沖縄本島で地上戦開始後、首里市の新聞社壕で発行を続けていた沖縄新報は、1945年5月25日に解散した。最後まで壕にとどまった沖縄朝日新聞を中心とした社員10人のうち9人(社長代行の高嶺朝光、編集局長の豊平良顕、具志堅政冶、前田宗信、牧港篤三、大山一雄、稲嶺盛国、仲本政基、島袋俊一)が創設メンバー。1945年7月時点で米軍の準機関紙「ウルマ新報」(現・琉球新報)が、教師などの新聞発行未経験者の手により発行されていたが、沖縄タイムスは「新聞人による新聞発行」を目指し、1948年7月1日創刊された。創刊号発行前の6月29日、米軍占領下の軍票(B円)への通貨切り替えのスクープを号外で出し、これが実質的な創刊となった。

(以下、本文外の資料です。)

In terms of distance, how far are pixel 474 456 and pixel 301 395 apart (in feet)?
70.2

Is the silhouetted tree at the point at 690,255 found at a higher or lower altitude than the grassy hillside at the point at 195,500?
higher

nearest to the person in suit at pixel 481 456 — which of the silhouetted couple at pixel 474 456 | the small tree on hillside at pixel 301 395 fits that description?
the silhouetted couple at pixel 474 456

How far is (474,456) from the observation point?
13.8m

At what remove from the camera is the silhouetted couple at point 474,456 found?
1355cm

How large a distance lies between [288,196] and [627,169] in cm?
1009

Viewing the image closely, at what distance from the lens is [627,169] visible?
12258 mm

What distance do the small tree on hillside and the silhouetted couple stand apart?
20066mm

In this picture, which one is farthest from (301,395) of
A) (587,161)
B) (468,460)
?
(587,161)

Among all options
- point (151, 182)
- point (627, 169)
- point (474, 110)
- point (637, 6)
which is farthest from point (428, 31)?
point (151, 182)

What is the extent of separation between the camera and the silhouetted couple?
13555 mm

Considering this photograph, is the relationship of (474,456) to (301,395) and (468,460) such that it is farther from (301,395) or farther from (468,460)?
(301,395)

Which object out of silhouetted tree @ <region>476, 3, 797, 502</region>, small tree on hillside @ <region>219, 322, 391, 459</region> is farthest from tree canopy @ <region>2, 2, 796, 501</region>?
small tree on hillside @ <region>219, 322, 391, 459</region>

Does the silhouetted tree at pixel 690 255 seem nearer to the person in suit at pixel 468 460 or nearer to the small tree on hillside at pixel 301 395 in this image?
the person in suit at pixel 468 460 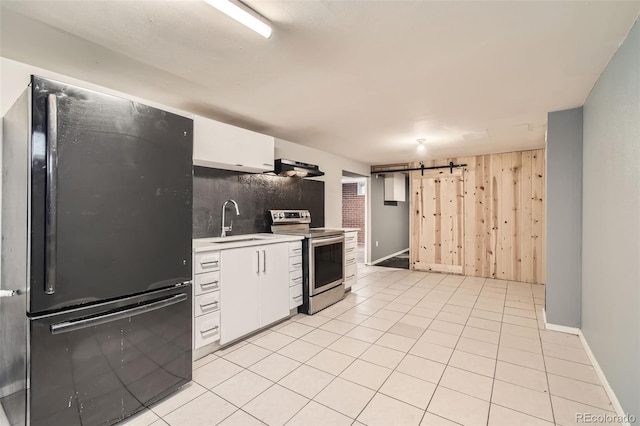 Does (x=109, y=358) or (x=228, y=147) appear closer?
(x=109, y=358)

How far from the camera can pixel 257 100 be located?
9.08ft

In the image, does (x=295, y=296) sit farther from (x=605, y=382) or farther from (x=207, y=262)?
(x=605, y=382)

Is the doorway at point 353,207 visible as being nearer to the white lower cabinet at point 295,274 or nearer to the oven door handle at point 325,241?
the oven door handle at point 325,241

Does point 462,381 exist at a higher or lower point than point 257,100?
lower

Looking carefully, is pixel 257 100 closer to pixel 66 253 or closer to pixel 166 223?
pixel 166 223

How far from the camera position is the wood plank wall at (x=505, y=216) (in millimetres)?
4863

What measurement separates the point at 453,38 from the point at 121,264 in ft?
7.83

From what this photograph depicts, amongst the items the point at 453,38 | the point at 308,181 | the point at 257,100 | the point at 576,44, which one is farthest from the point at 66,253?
the point at 308,181

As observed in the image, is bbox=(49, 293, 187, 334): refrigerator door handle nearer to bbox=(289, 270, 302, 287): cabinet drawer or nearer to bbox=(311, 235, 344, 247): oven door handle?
bbox=(289, 270, 302, 287): cabinet drawer

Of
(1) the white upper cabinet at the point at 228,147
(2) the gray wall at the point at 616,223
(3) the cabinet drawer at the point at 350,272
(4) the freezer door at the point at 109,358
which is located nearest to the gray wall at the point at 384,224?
(3) the cabinet drawer at the point at 350,272

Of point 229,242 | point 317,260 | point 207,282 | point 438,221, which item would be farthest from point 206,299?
point 438,221

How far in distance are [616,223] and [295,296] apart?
279 centimetres

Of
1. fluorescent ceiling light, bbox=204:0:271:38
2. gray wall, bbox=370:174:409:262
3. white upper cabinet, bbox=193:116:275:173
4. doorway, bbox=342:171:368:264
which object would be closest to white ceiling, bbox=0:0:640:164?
fluorescent ceiling light, bbox=204:0:271:38

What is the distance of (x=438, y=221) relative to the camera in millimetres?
5785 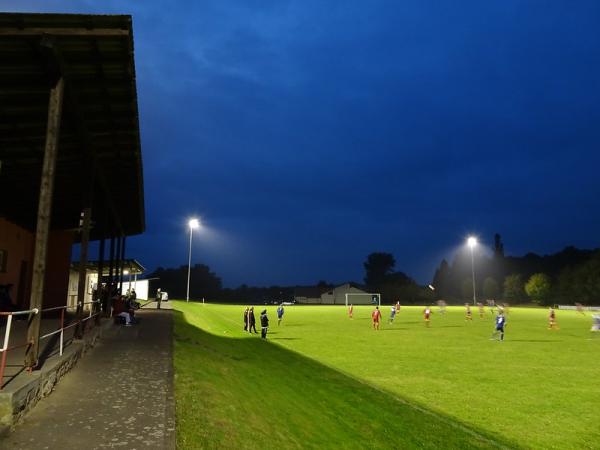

論調としては琉球新報と同じく、平和主義アメリカ合衆国軍基地撤廃・死刑廃止といわゆるリベラル左派のスタンスをとっている。1990年代に、由井晶子が全国紙、地方紙を通じ、初めて女性として編集局長に就任した。『新南島風土記』などを著した新川明、川満信一ら沖縄の文化を牽引する記者を輩出した。

朝日新聞那覇総局と共同通信那覇支局が沖縄タイムス本社内に入居している(毎日新聞読売新聞産経新聞時事通信の支局は琉球新報本社内に入居)。創刊メンバーの豊平良顕が戦前、大阪朝日新聞那覇通信部の記者だったことから朝日新聞社とは特に縁が深く、創刊時から協力関係にあった。世論調査を共同で実施し、現在も人事交流がある。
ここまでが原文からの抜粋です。